SUPPLIED RECORDS:
== Segment start ==
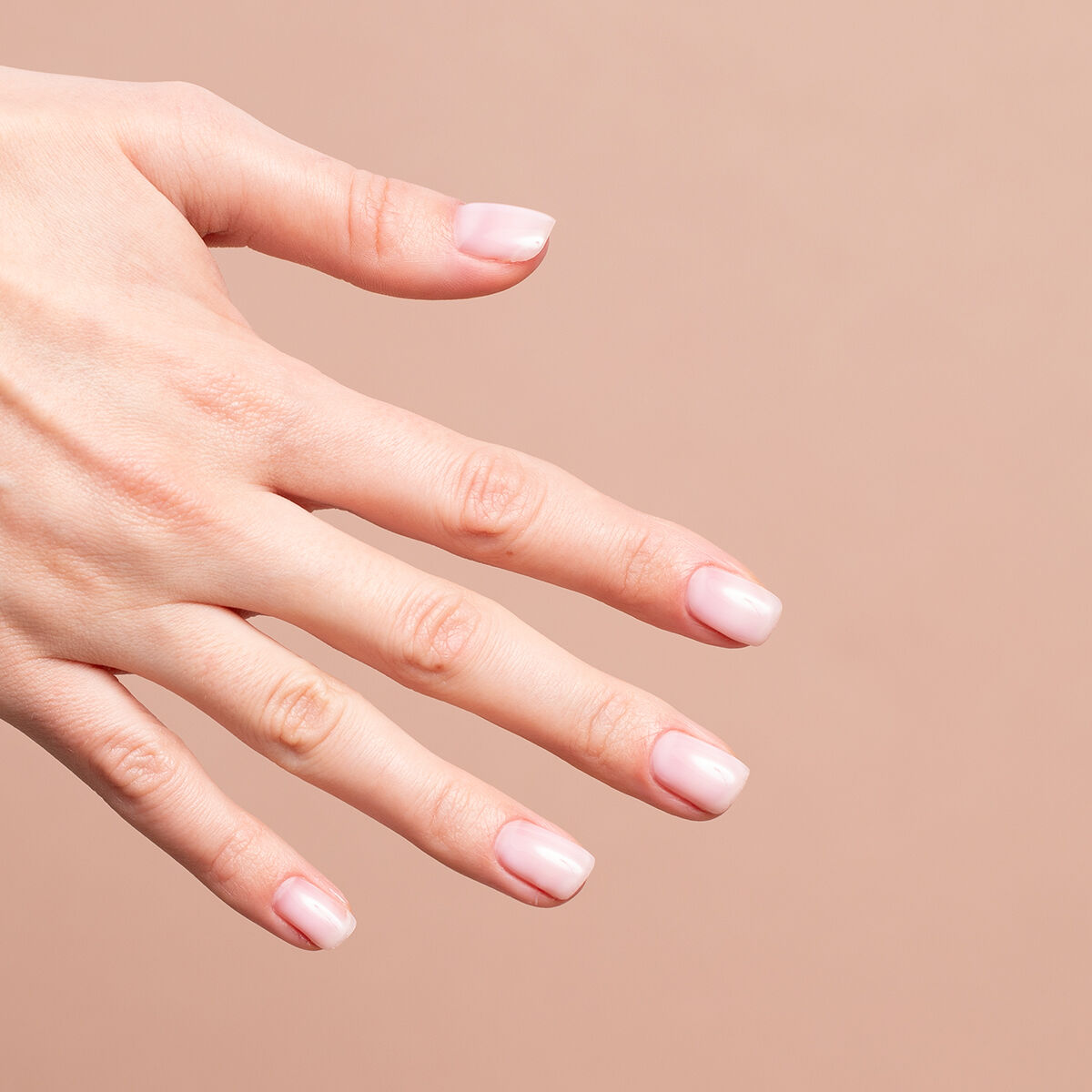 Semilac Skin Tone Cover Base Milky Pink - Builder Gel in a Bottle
== Segment end ==
== Segment start ==
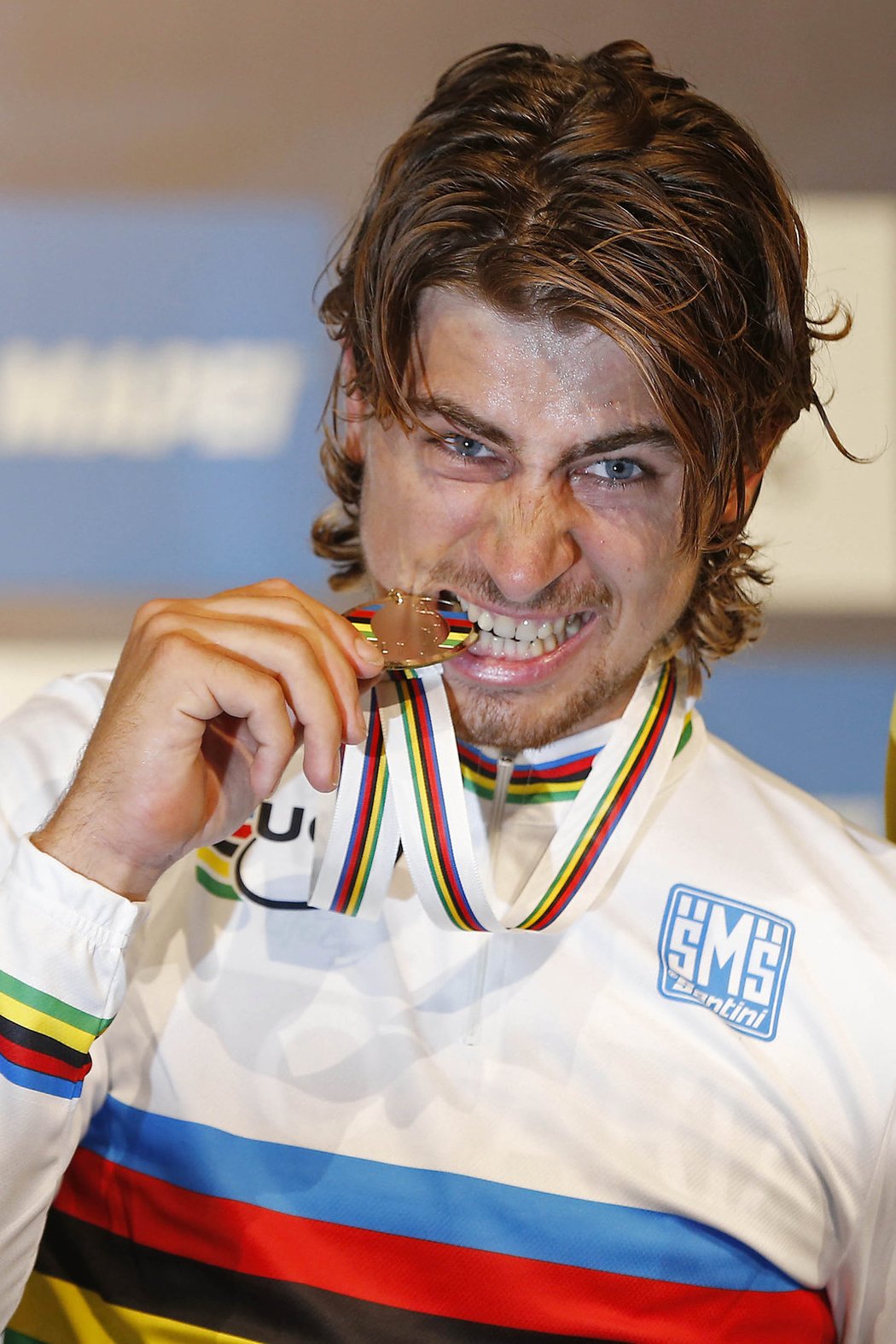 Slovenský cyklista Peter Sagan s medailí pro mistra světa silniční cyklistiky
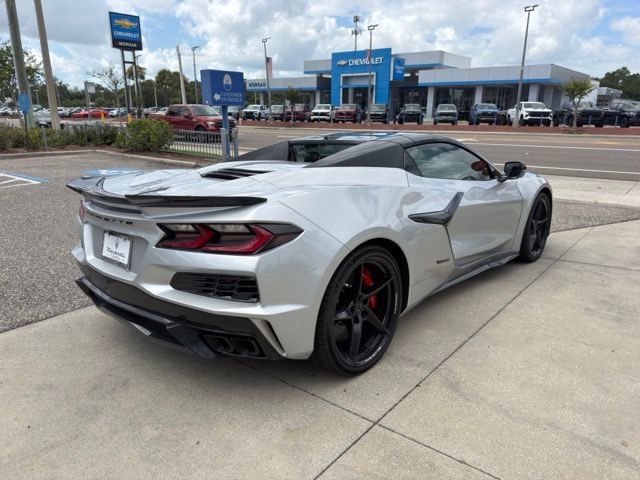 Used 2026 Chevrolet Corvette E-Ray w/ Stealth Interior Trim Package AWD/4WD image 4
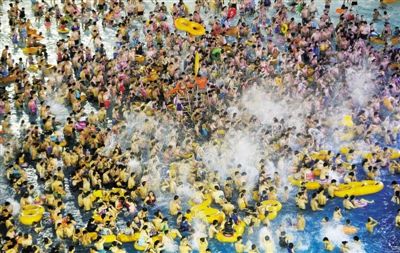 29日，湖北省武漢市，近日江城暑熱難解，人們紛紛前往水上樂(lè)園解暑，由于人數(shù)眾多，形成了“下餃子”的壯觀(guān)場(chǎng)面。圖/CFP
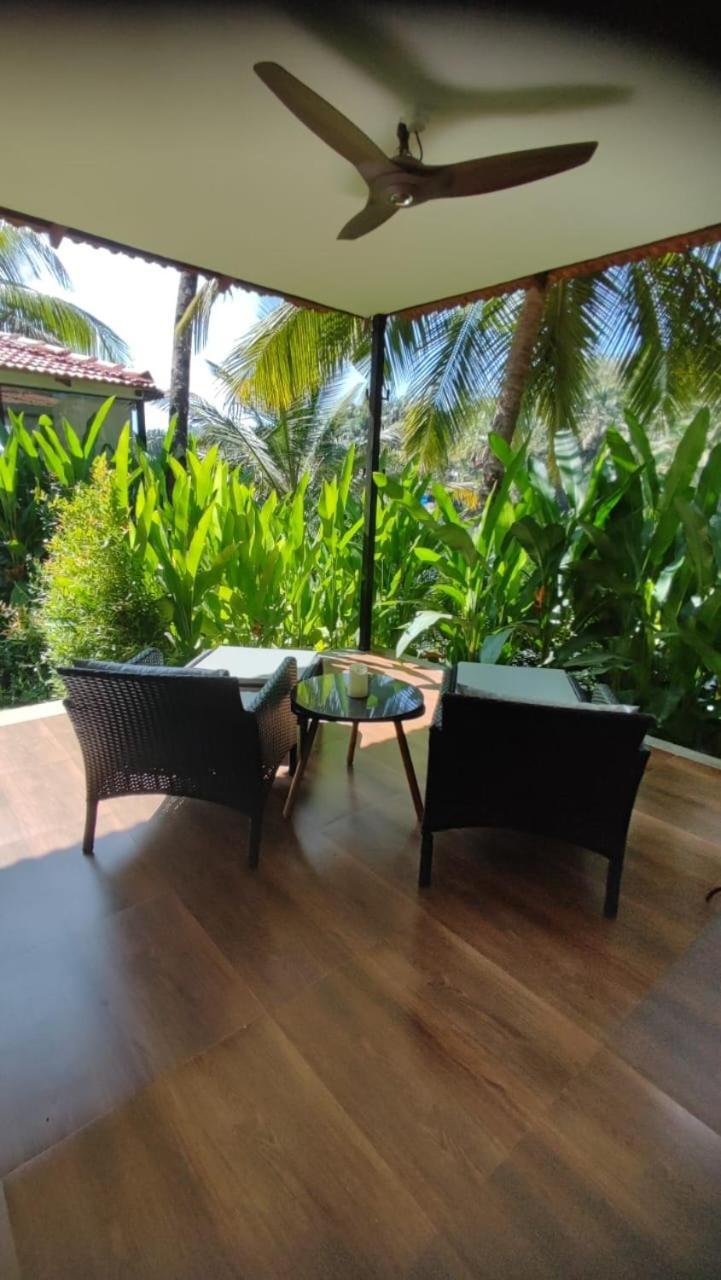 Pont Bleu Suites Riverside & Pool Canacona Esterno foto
== Segment end ==
== Segment start ==
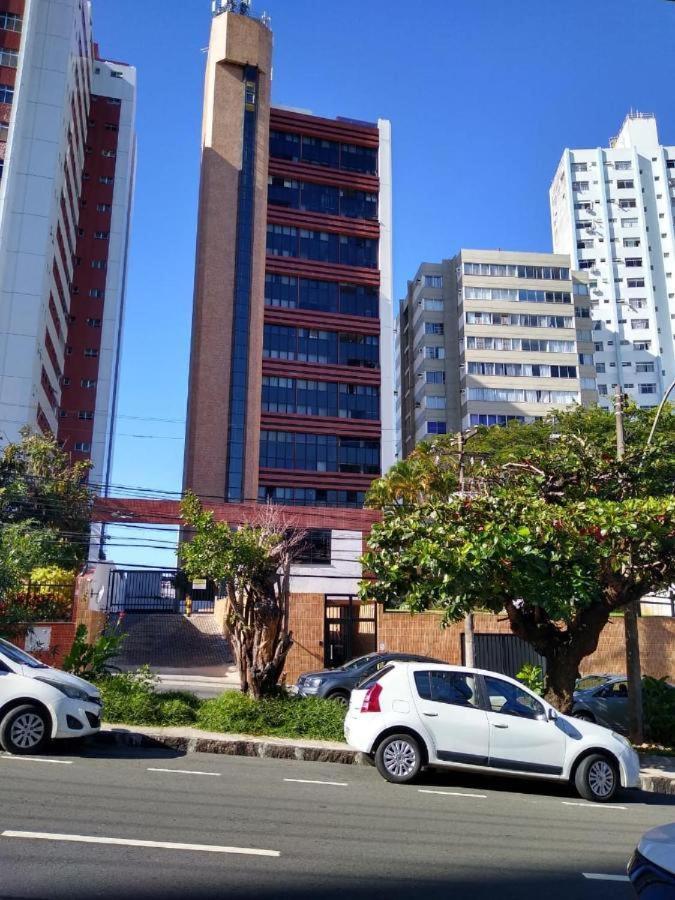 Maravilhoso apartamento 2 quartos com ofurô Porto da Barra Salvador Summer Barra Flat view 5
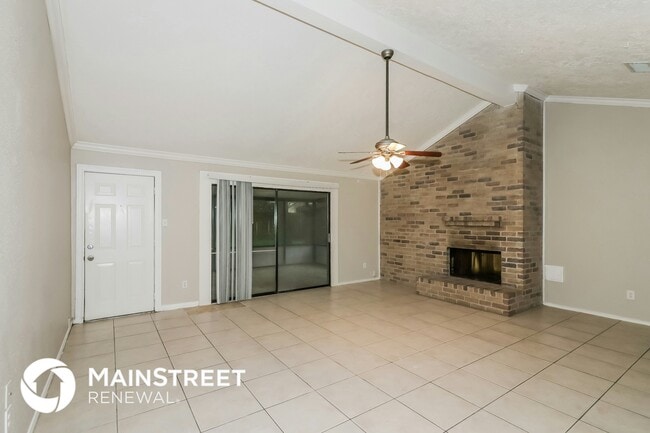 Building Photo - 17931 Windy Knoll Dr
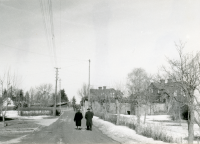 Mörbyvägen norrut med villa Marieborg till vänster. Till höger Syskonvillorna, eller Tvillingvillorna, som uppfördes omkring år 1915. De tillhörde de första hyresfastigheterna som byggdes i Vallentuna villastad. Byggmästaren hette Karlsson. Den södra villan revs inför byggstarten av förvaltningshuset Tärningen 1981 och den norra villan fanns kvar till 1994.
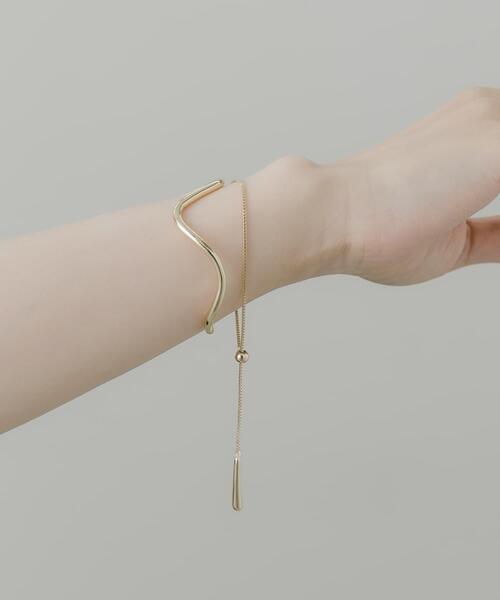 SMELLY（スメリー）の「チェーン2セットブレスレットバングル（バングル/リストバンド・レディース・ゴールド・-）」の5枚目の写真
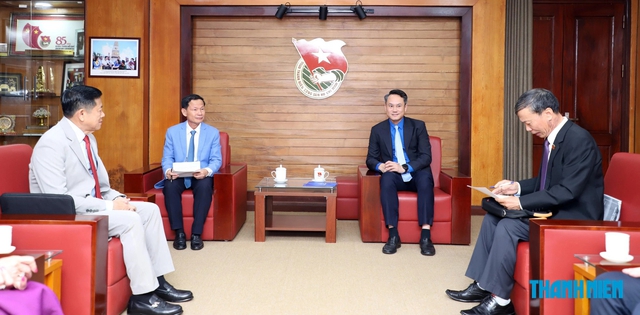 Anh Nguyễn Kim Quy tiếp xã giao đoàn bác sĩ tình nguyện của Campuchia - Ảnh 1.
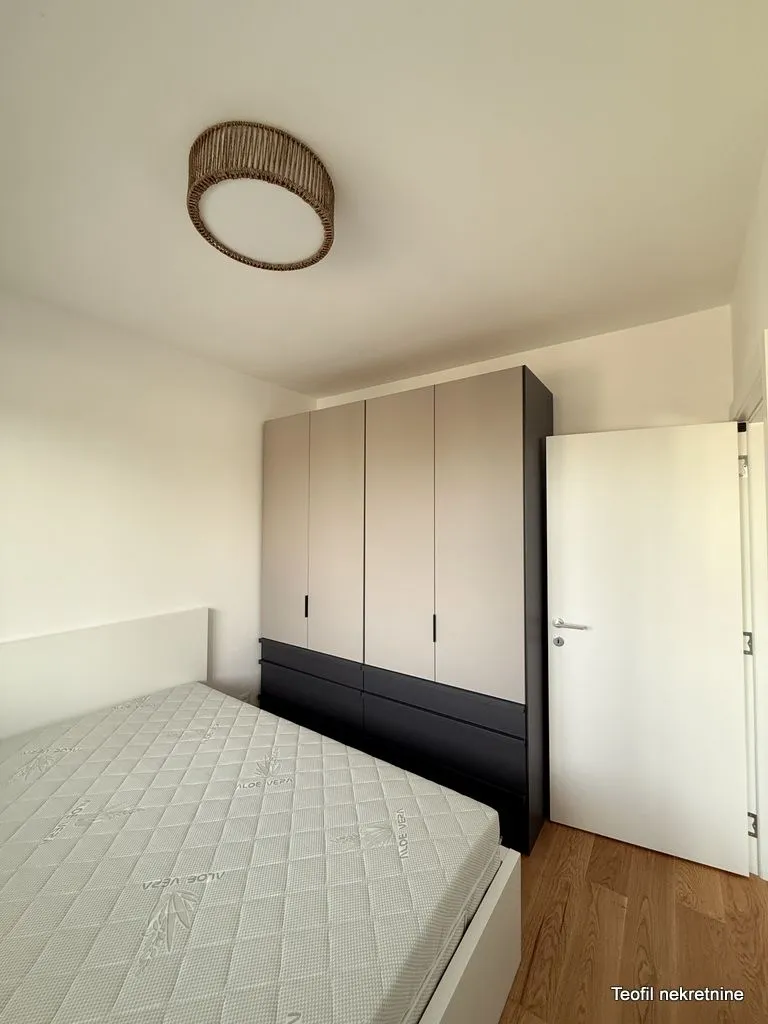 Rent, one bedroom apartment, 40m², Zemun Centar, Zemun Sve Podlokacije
== Segment end ==
Only one stretch of the data is wanted: write out exactly the lines from the one holding "SMELLY（スメリー）の「" through the one holding "Rent, one bedroom", both included, without the pictures.

 SMELLY（スメリー）の「チェーン2セットブレスレットバングル（バングル/リストバンド・レディース・ゴールド・-）」の5枚目の写真
 Anh Nguyễn Kim Quy tiếp xã giao đoàn bác sĩ tình nguyện của Campuchia - Ảnh 1.
 Rent, one bedroom apartment, 40m², Zemun Centar, Zemun Sve Podlokacije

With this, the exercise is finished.